▶ Information shown:
----
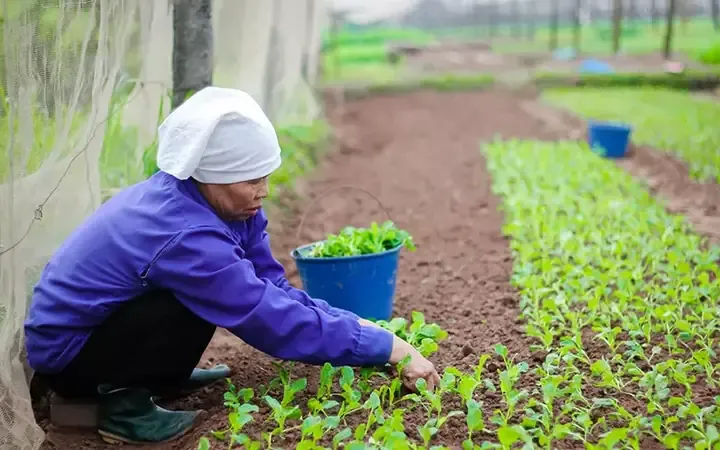 Kỹ thuật trồng rau cải mùa hè tại nhà trong thùng xốp.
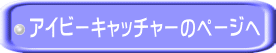 アイビーキャッチャーのページへ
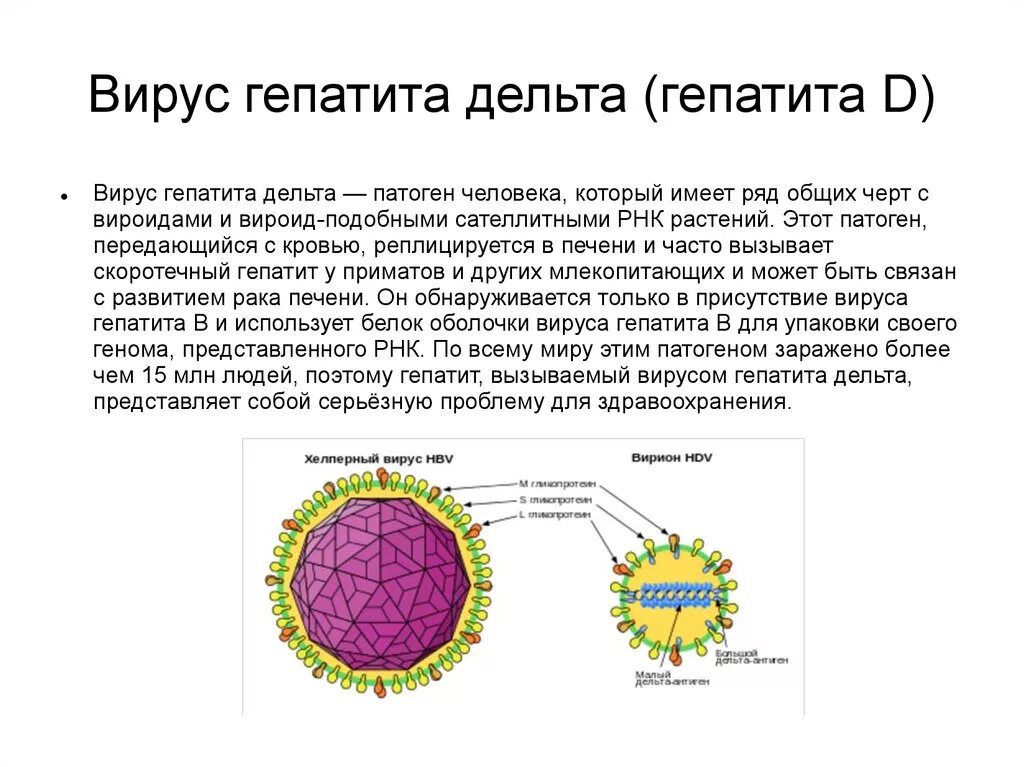 Имеет д. Вирус гепатита д антигенная структура. Вирус гепатита d строение. Строение вируса гепатита Дельта. Вирус гепатита д морфология.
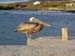 PELICAN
----
▶ Task statement: Without the pictures, return the whole of the data exactly as given.

▶ Task answer:
 Kỹ thuật trồng rau cải mùa hè tại nhà trong thùng xốp.
 アイビーキャッチャーのページへ
 Имеет д. Вирус гепатита д антигенная структура. Вирус гепатита d строение. Строение вируса гепатита Дельта. Вирус гепатита д морфология.
 PELICAN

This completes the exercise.